Records supplied =
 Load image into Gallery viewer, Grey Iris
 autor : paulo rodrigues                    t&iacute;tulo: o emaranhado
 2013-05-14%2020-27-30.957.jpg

---

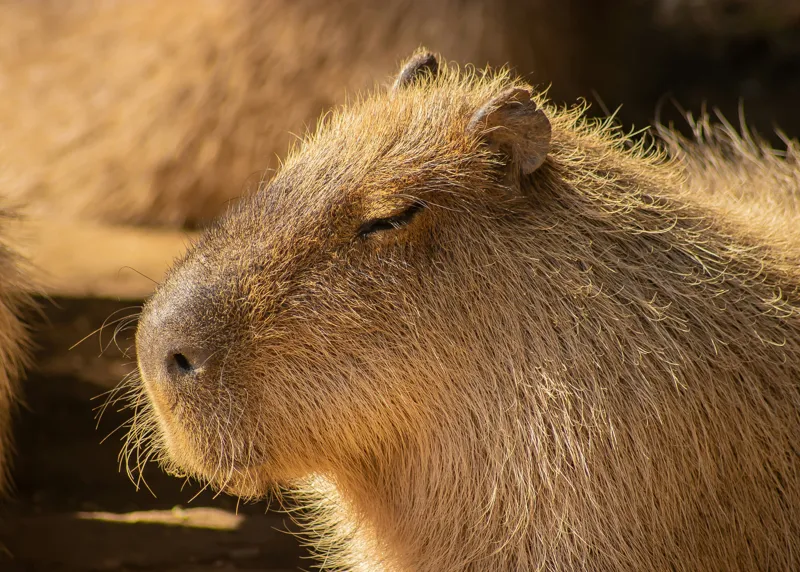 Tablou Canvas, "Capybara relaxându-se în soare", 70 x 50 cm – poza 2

* * *

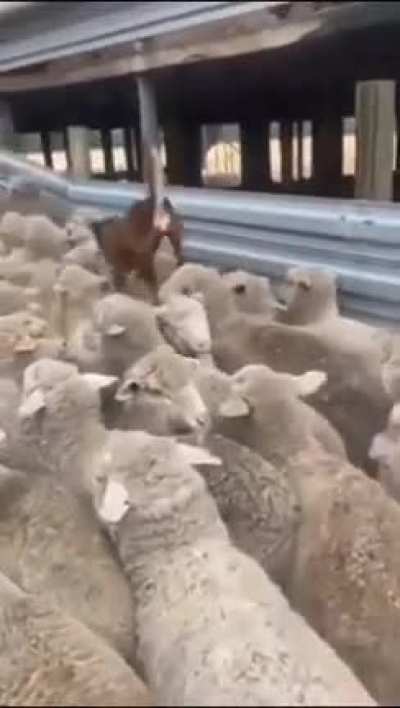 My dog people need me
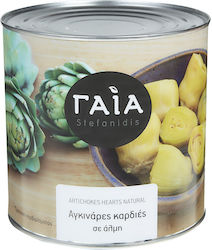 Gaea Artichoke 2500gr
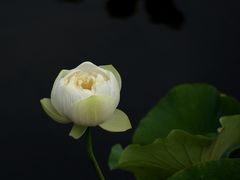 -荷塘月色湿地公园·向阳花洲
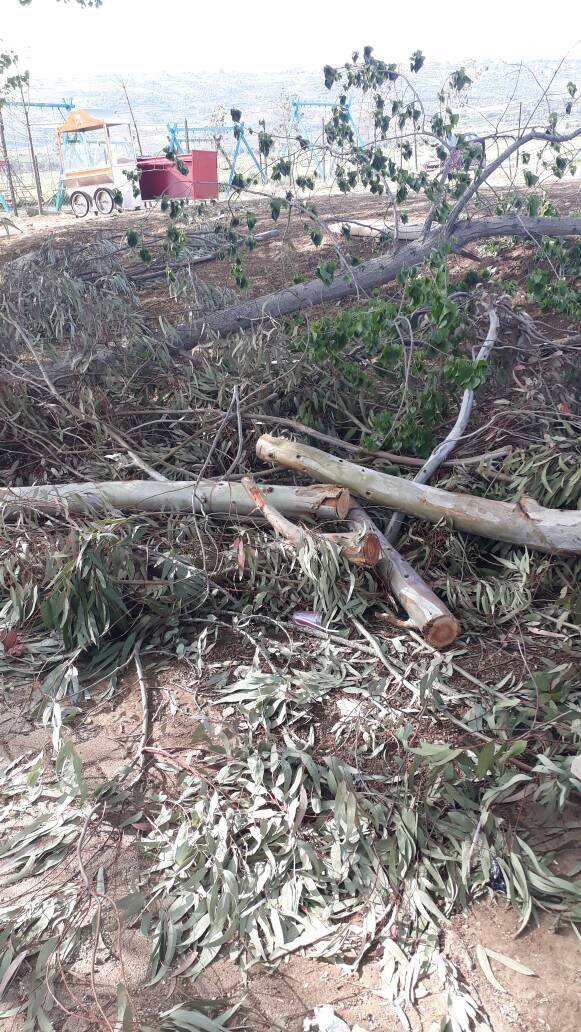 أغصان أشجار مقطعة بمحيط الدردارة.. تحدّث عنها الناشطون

Exercise directions = Extract exactly and only the lines above from the line containing "Load image into Gallery viewer, Grey Iris" through the line containing "2013-05-14%2020-27-30.957.jpg", both end lines included.

Problem solution =
 Load image into Gallery viewer, Grey Iris
 autor : paulo rodrigues                    t&iacute;tulo: o emaranhado
 2013-05-14%2020-27-30.957.jpg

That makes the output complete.